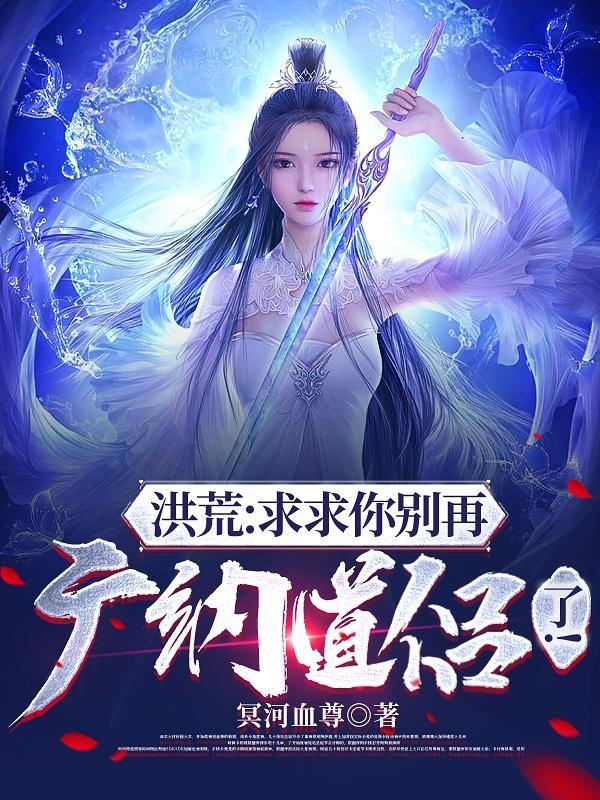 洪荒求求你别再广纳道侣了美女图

==

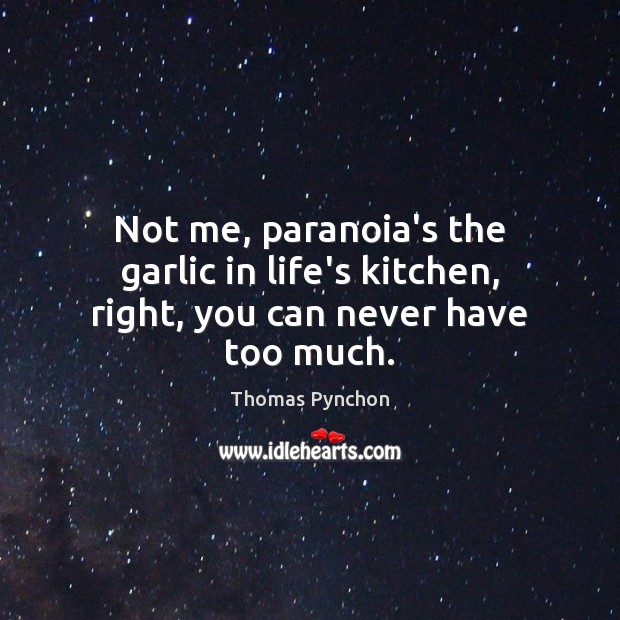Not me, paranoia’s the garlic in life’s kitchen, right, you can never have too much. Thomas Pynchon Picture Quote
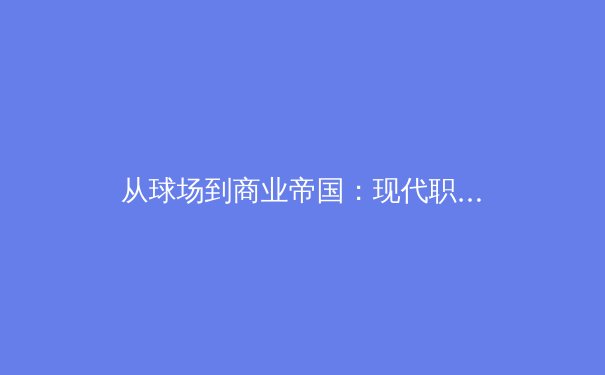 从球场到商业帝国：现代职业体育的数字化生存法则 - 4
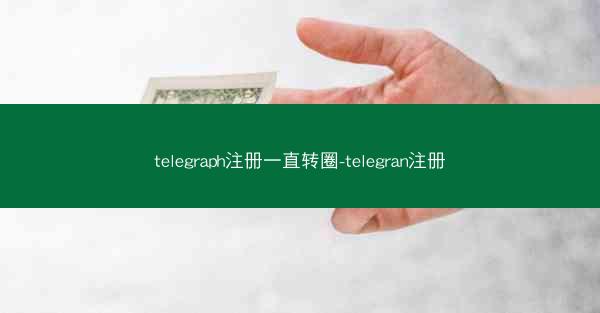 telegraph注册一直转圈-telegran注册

• WORK ITEM
Take the material above from the line bearing "Not me, paranoia’s" through the line bearing "telegraph注册一直转圈-telegran注册" and write it out exactly, both end lines included. Pictures stay out.

• SOLUTION TO THIS PROBLEM
Not me, paranoia’s the garlic in life’s kitchen, right, you can never have too much. Thomas Pynchon Picture Quote
 从球场到商业帝国：现代职业体育的数字化生存法则 - 4
 telegraph注册一直转圈-telegran注册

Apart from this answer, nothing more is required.